Entries taken from a collection:
▼▼▼

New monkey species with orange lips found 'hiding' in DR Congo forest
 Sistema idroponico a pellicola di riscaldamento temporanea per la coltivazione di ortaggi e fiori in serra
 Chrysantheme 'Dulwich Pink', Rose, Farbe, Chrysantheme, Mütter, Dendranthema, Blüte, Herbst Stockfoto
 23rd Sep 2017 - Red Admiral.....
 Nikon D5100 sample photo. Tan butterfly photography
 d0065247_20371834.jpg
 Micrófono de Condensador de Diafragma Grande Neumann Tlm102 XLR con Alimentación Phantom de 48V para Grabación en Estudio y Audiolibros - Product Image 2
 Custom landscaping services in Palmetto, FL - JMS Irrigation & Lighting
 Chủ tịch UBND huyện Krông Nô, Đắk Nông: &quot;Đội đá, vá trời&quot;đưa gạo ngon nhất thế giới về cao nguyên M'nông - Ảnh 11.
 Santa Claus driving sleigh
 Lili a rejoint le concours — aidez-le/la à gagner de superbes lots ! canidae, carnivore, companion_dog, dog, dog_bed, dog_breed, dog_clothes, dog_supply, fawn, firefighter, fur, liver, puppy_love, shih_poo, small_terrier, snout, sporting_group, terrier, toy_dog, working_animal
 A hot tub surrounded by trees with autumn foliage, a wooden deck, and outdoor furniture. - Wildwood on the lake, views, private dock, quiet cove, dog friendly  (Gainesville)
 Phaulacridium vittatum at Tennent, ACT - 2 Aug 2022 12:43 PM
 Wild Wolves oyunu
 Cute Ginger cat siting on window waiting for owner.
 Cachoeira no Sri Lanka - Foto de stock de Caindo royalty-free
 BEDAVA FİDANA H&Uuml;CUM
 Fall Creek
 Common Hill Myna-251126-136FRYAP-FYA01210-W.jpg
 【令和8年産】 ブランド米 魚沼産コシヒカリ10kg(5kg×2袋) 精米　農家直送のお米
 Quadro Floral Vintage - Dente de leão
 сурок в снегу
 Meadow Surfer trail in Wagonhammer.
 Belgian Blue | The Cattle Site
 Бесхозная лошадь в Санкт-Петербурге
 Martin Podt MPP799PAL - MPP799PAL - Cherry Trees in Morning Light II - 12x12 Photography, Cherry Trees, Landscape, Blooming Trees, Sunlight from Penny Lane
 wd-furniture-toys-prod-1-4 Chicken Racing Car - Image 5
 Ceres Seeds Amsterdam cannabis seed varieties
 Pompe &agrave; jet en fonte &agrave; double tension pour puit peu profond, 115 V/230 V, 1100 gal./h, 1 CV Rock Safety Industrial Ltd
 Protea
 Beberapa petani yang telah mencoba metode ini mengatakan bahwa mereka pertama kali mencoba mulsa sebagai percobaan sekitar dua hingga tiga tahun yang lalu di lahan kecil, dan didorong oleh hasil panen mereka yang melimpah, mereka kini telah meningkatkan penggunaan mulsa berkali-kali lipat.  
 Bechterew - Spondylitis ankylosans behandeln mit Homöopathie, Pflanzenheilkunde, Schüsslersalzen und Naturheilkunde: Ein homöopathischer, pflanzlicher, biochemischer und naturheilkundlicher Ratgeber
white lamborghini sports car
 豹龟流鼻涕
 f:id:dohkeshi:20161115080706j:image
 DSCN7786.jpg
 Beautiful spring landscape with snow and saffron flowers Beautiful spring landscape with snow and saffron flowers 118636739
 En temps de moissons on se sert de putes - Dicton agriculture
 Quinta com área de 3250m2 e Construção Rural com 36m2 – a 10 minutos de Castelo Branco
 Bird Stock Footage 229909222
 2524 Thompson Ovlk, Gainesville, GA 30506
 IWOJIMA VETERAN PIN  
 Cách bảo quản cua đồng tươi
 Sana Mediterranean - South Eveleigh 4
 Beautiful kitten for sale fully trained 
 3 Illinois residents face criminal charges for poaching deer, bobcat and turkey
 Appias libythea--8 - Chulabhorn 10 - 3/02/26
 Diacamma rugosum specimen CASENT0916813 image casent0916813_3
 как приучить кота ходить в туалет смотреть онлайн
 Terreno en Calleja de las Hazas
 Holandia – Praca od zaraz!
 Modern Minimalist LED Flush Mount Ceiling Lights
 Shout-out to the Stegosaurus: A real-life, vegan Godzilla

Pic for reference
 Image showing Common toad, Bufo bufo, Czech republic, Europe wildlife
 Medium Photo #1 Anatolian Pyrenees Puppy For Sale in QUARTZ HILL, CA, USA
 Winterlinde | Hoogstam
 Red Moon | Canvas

▲▲▲

- Exercise requirements
Report each line in the entries where the string "Gainesville" occurs.

- Result of the task
 A hot tub surrounded by trees with autumn foliage, a wooden deck, and outdoor furniture. - Wildwood on the lake, views, private dock, quiet cove, dog friendly  (Gainesville)
 2524 Thompson Ovlk, Gainesville, GA 30506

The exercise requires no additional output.